**ABOUT THIS TASK**
Repeat the data that follows in full. Do not include the pictures.

[[ DATASET SECTION, beginning ]]

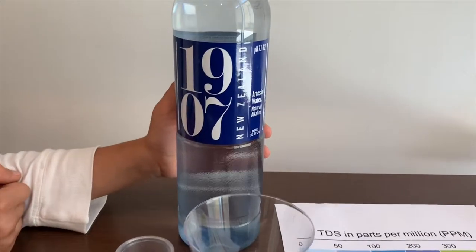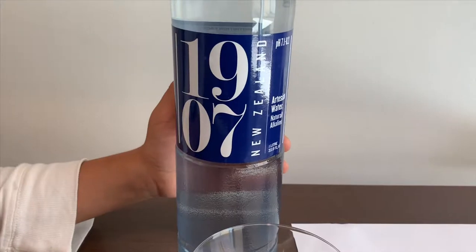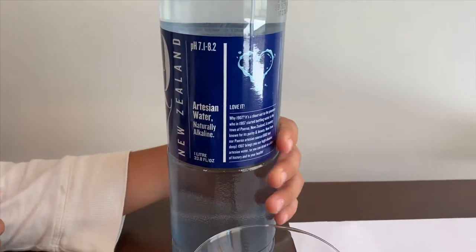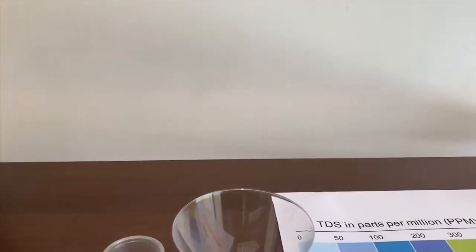This is 1907 Artesian Water. It's a product of New Zealand and it costs $2.00. It's supposed to be pH 7 or higher. Let's test and see.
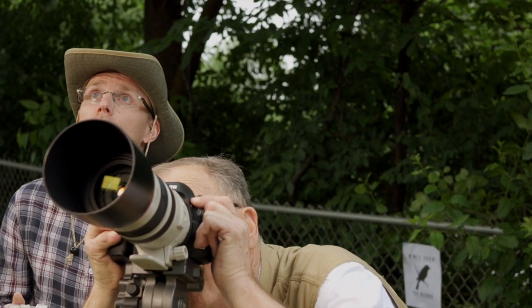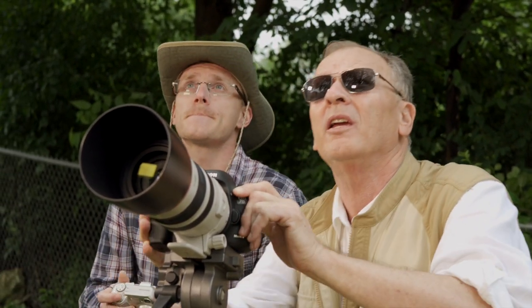Wow, look at that one. What a beauty. How do you know all this stuff? I learned this at Arts Cameras Plus.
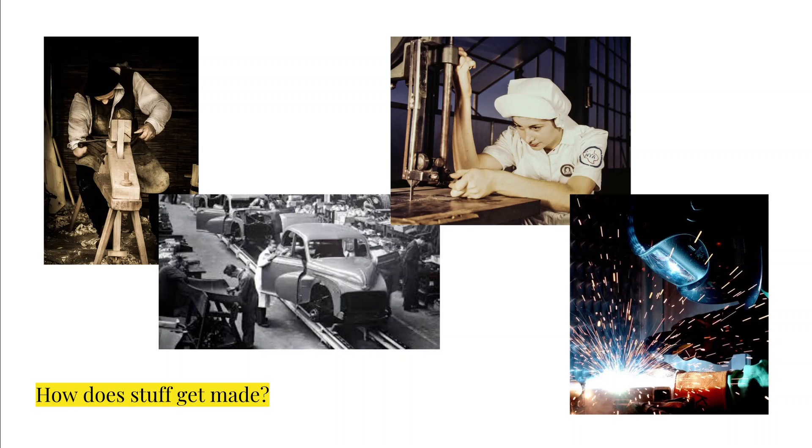A lot of manufacturing processes — and specifically if you look at the two images on the right — start off with a person or a machine beginning with a big chunk of raw material, maybe wood, plastic, or metal. What that person or machine does to make something new is remove extra material and carve out that original hunk of raw material until you have something new. For example, you can see the woman drilling holes in what looks like a piece of metal — she is creating something new by removing excess material. This is the opposite of 3D printing.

[[ DATASET SECTION, end ]]

**SOLUTION TO THE EXERCISE**
This is 1907 Artesian Water. It's a product of New Zealand and it costs $2.00. It's supposed to be pH 7 or higher. Let's test and see.
Wow, look at that one. What a beauty. How do you know all this stuff? I learned this at Arts Cameras Plus.
A lot of manufacturing processes — and specifically if you look at the two images on the right — start off with a person or a machine beginning with a big chunk of raw material, maybe wood, plastic, or metal. What that person or machine does to make something new is remove extra material and carve out that original hunk of raw material until you have something new. For example, you can see the woman drilling holes in what looks like a piece of metal — she is creating something new by removing excess material. This is the opposite of 3D printing.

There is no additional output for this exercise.